In the final decades of the Western Roman Empire, were the citizens aware of that it was all coming apart? Was there a sense of doom?

by Jerswar

And was these a sense of an ancient order of things being lost, and a longing for the glory days, as one sees so often in fantasy fiction?

MWL1190

This is a fascinating question for a couple of reasons. One of them is what you define as “the final decades of the Western Roman Empire.” I’m not going to debate thay here because that’s not really what you’re asking, but there are more points at which you could say that the empire ‘ended my than September 4, 476 (the ‘traditional’ date).

A second reason, the one that’s more at the heart of what you’re asking, is this idea of awareness of things ‘coming apart.’ Awareness is a funny thing because it’s all based on your frame of reference and what you can access. If we use that date of 476 as an anchor for the sake of convenience, what exactly would folks have as a frame of reference?

Well, one date that sticks out is 410. On the one hand, that’s a date in living memory. Granted, in the intervening 67 years there was enough time for a couple generations to be born and grow up, but that’s still a time that some living folks could remember. I stress living memory because word of mouth is how most folks would know their history. Yes, there were books, in fact there were a lot of books we don’t have surviving today, that folks could look to for stories of the glories of the Empire. However, you’d both need physical possession or access to the book and a person who could read in order to get at those written memories. For most folks, what the elders in your town or village remembered was your frame of reference though you’d have at least a vague sense of the old power of the Empire.
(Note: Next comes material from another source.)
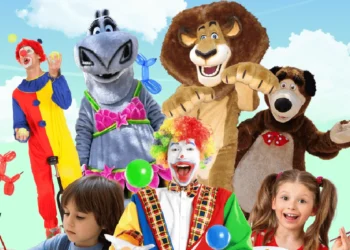 Art Land Family Event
I pick out 410 because in that year Rome was sacked by the Goths. The “golden age” of the Empire was a few centuries gone by the time 410 rolled along but that sack really signaled a moment of Roman weakness. The Empire was able to rally, but that post-410 world would have meant something different to your average folks. It signaled that whatever the Empire had once been, it was now truly vulnerable.
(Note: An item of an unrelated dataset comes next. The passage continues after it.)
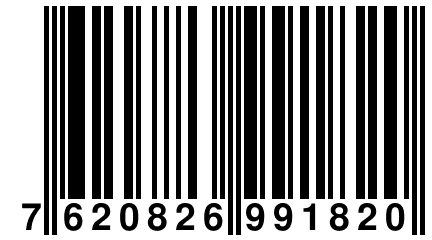 7 620826 991820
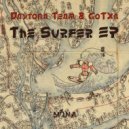 Daytona Team & GoTXa - The Surfer (Original mix)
In the intervening decades bits of the West began to fall off into self-directing “Barbarian” Kingdoms, but it’s honestly, in many cases, an open question how much this impacted life on the ground. There were certainly land seizures but likely not wholesale random slaughter. While this would be unpleasant at best for the mass of the people, it’s good to keep in mind that the Roman Empire was not all sunshine and roses for its non-elite residents. Life under a Frankish or Visigothic warlord might not have been all that different for the mass of the populace than life under Roman governors. It was certainly a time of violence and danger, but that doesn’t make 476 any different than, more or less, the 60 or more years before or after.

For the average Roman citizen I doubt that there was much more of a sense of “doom and gloom” and that things were “falling apart” on September 4, 476 than on September 3 or September 5. For the elite, though, folks who had money and lands that they saw slowly (or quickly) drifting out of their control, folks who had to grapple with a loss of political domination, folks who had a frame of reference that perhaps helped them understand better the gulf that separated them from their 2nd century counterparts, they almost certainly felt the gloom.

On a personal note, I feel much more sadness for the majority of the Empire who just continued to live difficult lives under new elites than I do for the privileged upper echelons of Roman society who saw their power collapse.

If you’re looking for readings, I recommend the following in no specific order: Kulikowski, The Tragedy of Empire: From Constantine to the Destruction of Italy, 2019 McEvoy, Child Emperor Rule in the Late Roman West, 2013 James, The Franks, 1988 Goffart, Barbarians and Romans:Techniques of Accommodation, 1980 (though I very much disagree with it) Grey, Constructing Communities in the Late Roman Countryside, 2011 Anything by Peter Brown.